Bear Creek is one of two primary tributaries to Cache Creek in the U.S. state of California, the other being the North Fork of Cache Creek. It is the only tributary to Cache Creek not impounded by a dam; the North Fork is impounded by Indian Valley Dam and Reservoir, while the Cache Creek main stem is impounded by Cache Creek Dam.

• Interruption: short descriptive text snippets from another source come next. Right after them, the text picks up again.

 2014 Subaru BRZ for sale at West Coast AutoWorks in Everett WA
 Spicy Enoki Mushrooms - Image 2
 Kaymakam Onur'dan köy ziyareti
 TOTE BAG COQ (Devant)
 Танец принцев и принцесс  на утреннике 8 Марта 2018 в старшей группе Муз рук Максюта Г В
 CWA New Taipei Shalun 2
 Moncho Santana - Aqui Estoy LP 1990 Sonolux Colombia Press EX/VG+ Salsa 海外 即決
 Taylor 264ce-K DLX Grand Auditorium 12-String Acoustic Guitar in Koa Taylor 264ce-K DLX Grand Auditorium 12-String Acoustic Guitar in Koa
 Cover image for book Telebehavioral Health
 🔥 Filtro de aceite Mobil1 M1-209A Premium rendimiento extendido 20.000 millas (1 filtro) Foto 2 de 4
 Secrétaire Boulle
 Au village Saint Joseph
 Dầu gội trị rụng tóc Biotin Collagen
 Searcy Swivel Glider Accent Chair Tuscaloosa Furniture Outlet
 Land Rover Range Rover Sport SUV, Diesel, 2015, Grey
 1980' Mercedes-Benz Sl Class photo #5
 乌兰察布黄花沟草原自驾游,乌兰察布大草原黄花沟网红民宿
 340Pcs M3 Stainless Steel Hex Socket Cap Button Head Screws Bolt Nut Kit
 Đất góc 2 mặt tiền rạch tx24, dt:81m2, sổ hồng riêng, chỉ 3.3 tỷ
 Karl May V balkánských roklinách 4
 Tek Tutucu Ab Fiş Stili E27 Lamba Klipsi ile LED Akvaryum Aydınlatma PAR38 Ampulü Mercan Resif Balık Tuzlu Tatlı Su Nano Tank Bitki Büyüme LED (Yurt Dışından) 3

Because of elevated mercury levels in fish, the California Office of Environmental Health Hazard Assessment recommends that no one eat fish or shellfish from this water body.

Watershed 

Bear Creek begins within Bear Valley and flows south for approximately 25 miles draining a watershed of 130 square miles in the lower elevations of the Inner Coastal Range entirely in Colusa County. Bear Creek terminates at the confluence of Cache Creek just before crossing the Yolo County line in Cache Creek Canyon.

Wildlife 
Bear Creek provides a perennial habitat for fish to navigate throughout the year. By far, the most common fish found in Bear Creek is the Native California Roach. The creek also provides habitat for a wide assortment of other creatures including amphibians such as the Western Pond Turtle and other water based organisms. Due to its perennial nature, Bear Creek also provides a reliable water supply to other creatures, thereby attracting large mammals such as deer and the Native California Tule Elk.